Biographies & Memoirs


AT II A.M. ON THE MORNING OF JULY 25, 1901, A BLUEeyed, prematurely graying young Scot, three years out of Magdalen College, Oxford, stood on a pier at. Hong Kong. From the German ship Bayern which had just docked, a shy, boyish-looking man descended the gangplank. He stuttered badly and was dressed in the rich silk costume of a Chinese noble with the ruby button of a mandarin of the highest rank on his hat.

It was the first time a Chinese prince had ever set foot on British territory. Nevertheless, the reception, which had been held to a minimum at the request of the prince, went well. Within fifteen minutes of his welcome by the young official, the prince was carried by four red-coated chairbearers from the pier to the entrance to Government House where he was greeted by the Governor.

This nobleman, who had preferred to receive none of the honors due him as a Manchu of the blood royal of China, was Prince Chun and he was on his way to Germany to lay the humble regrets and apologies of his brother, the Emperor, before the Kaiser for the murder in Peking on June 20, 1900, of the German minister during the Boxer Rebellion.
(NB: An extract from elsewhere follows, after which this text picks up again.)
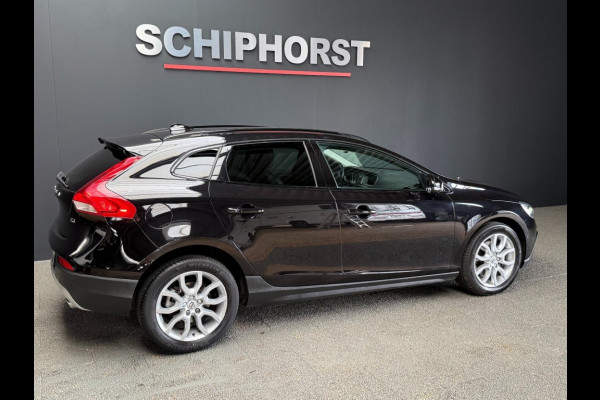 Volvo V40 V40 Cross Country T3 152pkSummum panorama leer camera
The young Scot who was at the pier to meet him was a British civil servant named Reginald Johnston. These two men were to have a profound influence on the events related in this autobiography, for one was to become the father of the author and the other his tutor and intimate friend. Within the forces that led to this chance meeting are many of the strange, complex and fantastic elements that have resulted in the author becoming three times an Emperor, once a Chief Executive, an exile for eight years, a prisoner for fourteen years, a gardener, a scholar, a Communist propagandist, a member of the People’s National Congress. And the tale is yet to be completed. For the man still lives. He is Henry Pu Yi—the last Manchu.

The first Manchus were a pastoral people who lived in the woodlands of Manchuria near what is now the city of Mukden. Through centuries of unrecorded history, their strength increased to the point where their leader, Nurhachi (1559-1626), while paying tribute to the Ming Dynasty rulers of China in Peking, began secretly to prepare his tribe for “the great deed” of piercing the Wall and conquering China itself. These preparations were continued by his son, Abahai (1592-1643), who made his rear safe for the venture by subjugating Korea, a Ming protectorate, and completing the conquest of Inner Mongolia.
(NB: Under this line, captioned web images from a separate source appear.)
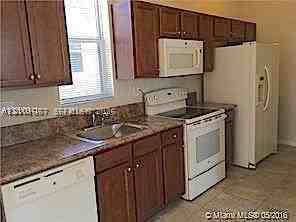 17005 Sw 94th Ter #B - Photo 3 of 11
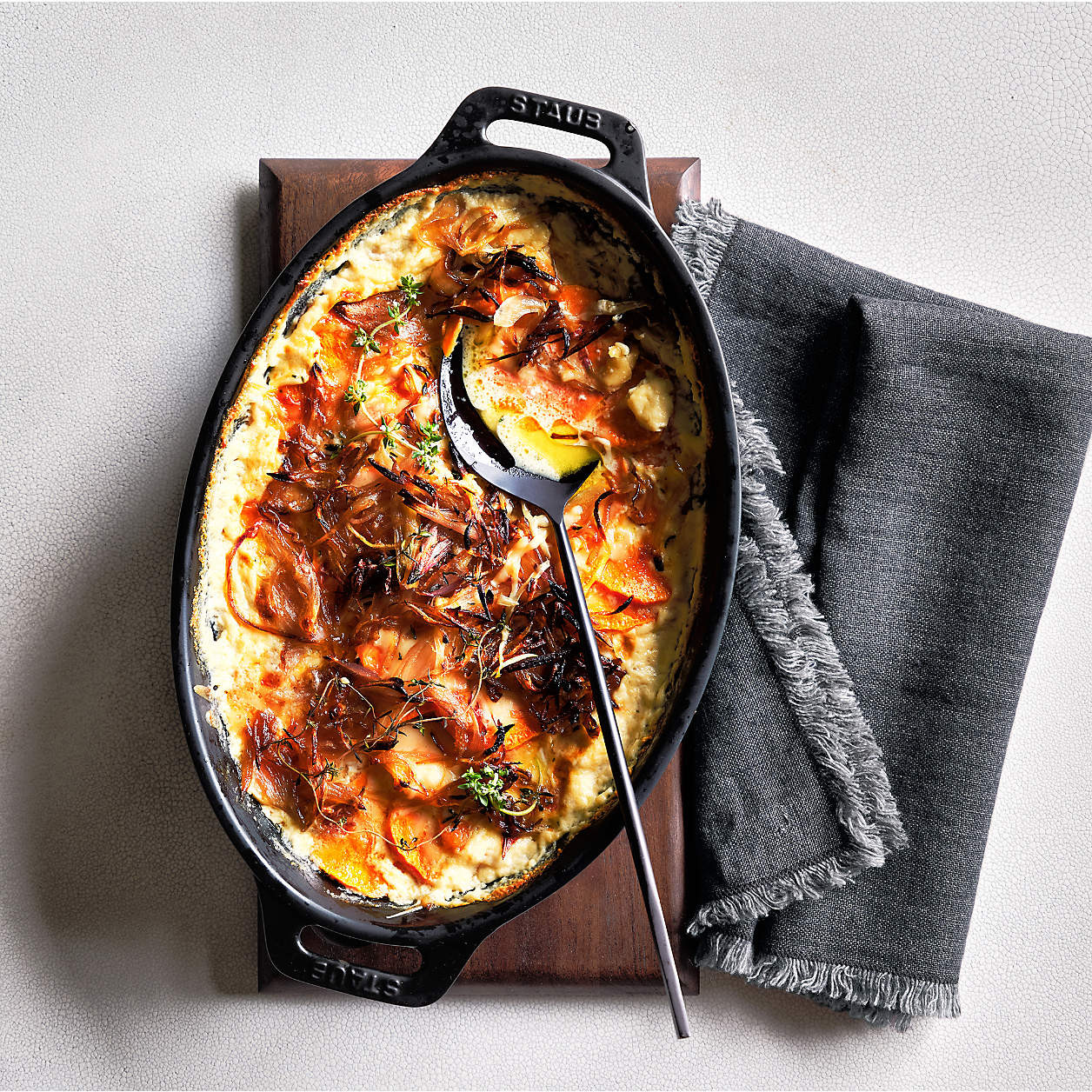 This baker set is currently on sale (~$59.99, originally ~$100) — about 40% off, which is rare for pieces this durable and versatile.

Why it’s a great buy:
• Oven-safe stoneware designed for everyday cooking
• Neutral matte black works with any kitchen aesthetic
• Ideal for both weeknight dinners and hosting
• Easy to clean and store

A great foundational piece if you’re slowly upgrading your kitchen the right way.

#HerAvenueFinds
#LTKFinds #KitchenAesthetic #HomeCookware #EntertainAtHome #BakewareSale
When Abahai died in 1643, his brother Dorgon completed “the great deed” on behalf of his young nephew Shun-chih. He conquered China, overthrew the ruling Ming Dynasty and made Shun-chih Emperor, not of China, for that term no longer existed except in the minds of the barbarians (foreigners), but of the Great Ch’ing Country-Ch’ing being the dynastic name adopted by these new rulers who were not Chinese, but Manchus, people of Manchuria.

In contrast to other foreigners who had previously conquered and ruled China through naked military force, the Manchus based their rule on some form of popular support. In their administration of the area we call China, they also gave power and responsibility to the other four races of the land, the Hans (Chinese), the Mongols, the Tibetans and the Mohammedans. The Manchus also actively supported Chinese culture and the arts to the extent that their own written language became little more than a formality. Chinese scholars were invited to staff the Ch’ing bureaucracy and Chinese generals, once they had surrendered, were often given higher and better positions in the new government than they had held under the Mings. In fact, the Manchus became Sinicized. The rural-gentry class of the Great Ch’ing Country continued with the basic administration as it had under the Mings, and the population grew from 19,138,000 in 1661 to 438,425,000 in 1910.
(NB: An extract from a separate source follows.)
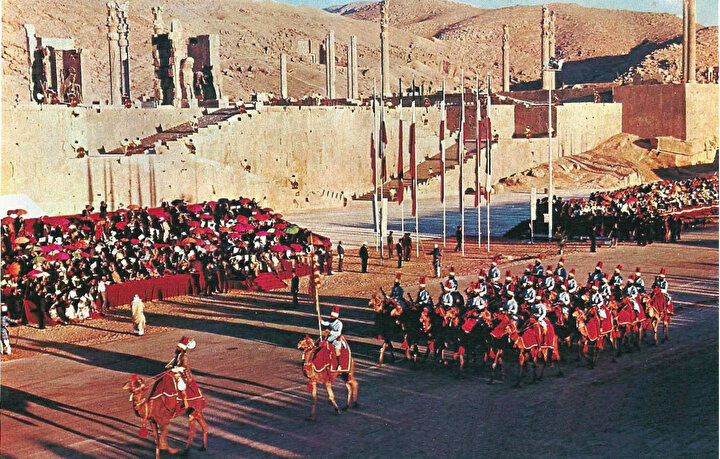 1971'de Şiraz'da düzenlenen müsrif kutlamalar, İran halkıyla Şah arasındaki duygusal bağların tamamen kopmasına yol açtı.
The exception to this policy of Sinicization was the blood royal of the ruling family, which remained pure Manchu. The Emperor, who was absolute ruler, was thus a man who enjoyed consanguinity with less than 2 percent of the total population over which he ruled. Through the centuries, strange customs, traditions and forms developed within the Forbidden City in which the rulers of the five races of China lived and from which they governed not only their original motherland of Manchuria (the Northeast, which they regarded as crown property and into which they forbade Chinese, or Han, immigration), but the rest of the country as well.

Meanwhile, the dynastic succession of the Great Ch’ing continued from father to son much as it did among Western royalties until the reign of the seventh Emperor in dynastic succession, Hsien Feng, who lived from 1831 to 1861.

Hsien Feng, before his death at the age of thirty, had no sons until a Manchu palace concubine named Lady Yehonala gave birth to one in 1856. Originally promoted to the rank of Secondary Consort when her pregnancy was established, she became the Empress Dowager Tzu Hsi when her husband died and her son succeeded his father on the Dragon Throne at the age of five in 1861.

Although she was ostensibly the ruler of China on behalf of her young son, Tung Chih, who was yet a minor, power eluded her. For on his deathbed her husband, the Emperor, had created a Council of Regents headed by Su Shun, an Assistant Grand Secretary and President of the Board of Revenue. It was this Council that the Empress Dowager Tzu Hsi was determined to subvert so that she could rule in its place.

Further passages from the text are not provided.